В 1984 году готовилось 40-летие великой Победы. В начале 1985-го, в апреле, в Минске состоялся всесоюзный кинофестиваль. Все знали, кто приехал за первым призом, — Евгений Матвеев с фильмом «Победа», его личной точкой зрения на Победу. И все знали, что этой картине отдадут первый приз. Одновременно на фестивале присутствует картина, сделанная литовской киностудией, называется она «Отряд». И вдруг приходит сообщение, что картину «Победа» посмотрел генеральный секретарь, а он новый, только что избранный, по фамилии Горбачев, и картина ему не понравилась. После чего на фестивале начинается состязание точек зрения. В конечном итоге главный приз Минского фестиваля получила картина «Отряд», а не картина «Победа». Если мы возвращаемся к тому, что правда и неправда о войне становятся вопросом только личной точки зрения, я считаю, это очень опасным. Потому что, кроме личной точки зрения, существуют еще и какие-то потуги на объективную историю. Коррекция личной точки зрения объективной историей, как мне кажется, обязательна.
К.Э.: Я не могу сказать, что в восторге от проекта НТВ, наверное, я хотел бы видеть в нем более разнообразные точки зрения: и немцев, и членов РОА, и людей, живших в оккупации.

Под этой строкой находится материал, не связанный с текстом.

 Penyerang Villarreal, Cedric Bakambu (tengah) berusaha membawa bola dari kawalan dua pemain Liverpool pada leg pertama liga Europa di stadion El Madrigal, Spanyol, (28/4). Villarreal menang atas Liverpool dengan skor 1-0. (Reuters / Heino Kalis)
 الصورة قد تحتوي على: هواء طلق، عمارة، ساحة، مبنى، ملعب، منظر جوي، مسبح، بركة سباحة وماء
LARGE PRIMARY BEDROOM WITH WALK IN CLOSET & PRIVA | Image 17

Тем не менее из корпоративной солидарности я хотел бы сказать: нельзя путать телевидение с журналом «НЗ». Для многих присутствующих написать статью на 17 000 слов нормально, а у меня, если корреспондент регулярно будет выходить с репортажами больше трех минут, его направят на переподготовку. Телевидение, радио, газета, все масс-медиа — это не только средства выражения мысли, но и организации с определенным бюджетом. Мне кажется, что требовать от телевидения, даже в лучших его образцах, глубинного осмысления чего бы то ни было, не приходится. Приходя в «Макдоналдс», вы не требуете, чтобы вам принесли омара. Это разные жанры интеллектуального осмысления действительности, как есть разные жанры пищеварения. У меня есть множество вопросов к этому проекту, но не стоит превращать эту дискуссию в истерику.
По поводу конкурирующих мифов: мне кажется, что тема войны для формирования мифов, контрмифов, идеологий и контридеологий несравнима с вопросом, хорошим или плохим поэтом был Пушкин и какую роль сыграло православие в российской истории. Хотя бы потому, что война — это очень реальная драма, очень реальная трагедия.
И последнее: Сергей совершенно прав, когда говорит о политическом фоне, но давайте представим, что он изменился. Готовы ли мы признать за Институтом истории Российской академии наук и лично господами Ржешевским и Сахаровым право писать то, что они пишут, в рамках другого, демократического, замечательного контекста? Думаю, что мы должны быть готовы признать это право. Разговор не просто об идеологии, а о том, как она переходит в массовое сознание, сознание пресловутой тети Мани. А этим занимаются не только телевидение и книги, но и школа и другие образовательные институты вплоть до детских садов. Но это уже совсем другая тема.